Once I realized that the basic cause
of the crisis was actually an entire unwritten national policy, it was easy
to see why we have sunk to the current crisis level. And as I examined the problem,
five specific pieces of the macabre puzzle emerged as comprising the sorry whole.
The first ingredient has to do with consumerism,
or in this case, the lack of it. If you truly wish to set good policy, you must
begin by asking for information from those who know the subject and whose lives
are affected by the policy.
If professionals in the education of
blind children had thought to consult blind adults in the late 1940's and early
1950's, I suspect that the entire use-print-at-any-cost fiasco might have been
avoided. Informed adults would have pressed for literacy through continued Braille
instruction, and the whole sight-saving (large-print) movement could have been
given its proper, modest emphasis. But of course the system did not seek out
information from the true experts, and the first major error, which led to the
mistaken policy, was made.
The second ingredient leading to the
current crisis was the large-print movement itself. It was in the late 1940's
and early 1950's that the use-print-at-any-cost philosophy took root and became
national policy. It was this bad policy at the Iowa school which prompted officials
to refuse to give me Braille. If I had come to the school only a few years earlier,
Braille instruction would have been a given. I simply had the bad luck to be
in the wrong place at the wrong time. Unfortunately my experience was not unique;
it became the norm.
Once this bad philosophy became a national
policy, it picked up momentum like a steamroller. The third critical factor
leading to the current crisis was the introduction of the concept of vision
stimulation. The theorists figured that, if our national policy for blind children
with some residual vision was to use print at any cost, "Then let's see
if we can't make these blind kids see better so that they can read print better."
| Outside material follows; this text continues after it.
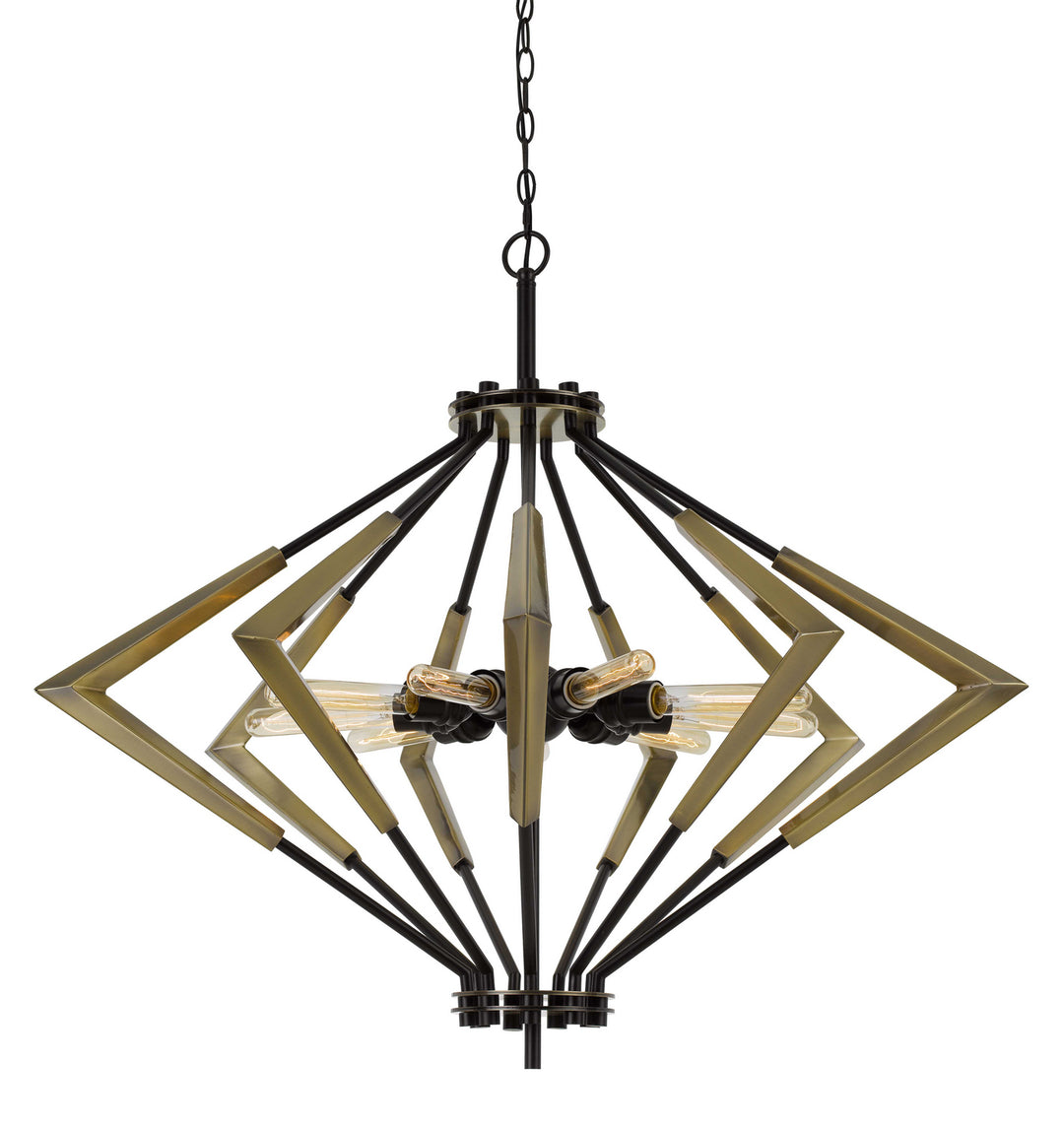 Cal Malounta FX-3709-9 Chandelier Light - Antique Brass/Black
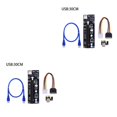 thumbnail image 3 of Ruiboury VER003 PCI-E Riser Card 30CM 60CM USB 3.0 Cable PCI 1X to 16X Extender PCI-E Adapter for GPU Miner Mining Black 30CM 2Set, 3 of 6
The effort was actually to make kids see better through practice and training.
This was the natural extension of the original bad policy; but of course it
didn't work. You can see what you can see, and no amount of trying or straining
or pleading can make you see any better.
In my adult rehabilitation work, I met
lots of young blind people who had experienced emotional damage from instructional
and family effort to make them see what they could not see. Thankfully, this
ill-conceived piece of the use-print-at-any-cost policy is on its way out.
The best evidence that vision stimulation
is finished is this: Recently Dr. Kay Ferrell of the University of Northern
Colorado wrote an article entitled, "A Call to End Vision Stimulation Training."
The article appeared in the American Foundation for the Blind's Point/Counterpoint
section of the Journal of Visual Impairment and Blindness. Ferrell is widely
respected. We can only hope that her views on vision stimulation will spread
and that the fixation on such training will die a speedy and unlamented death.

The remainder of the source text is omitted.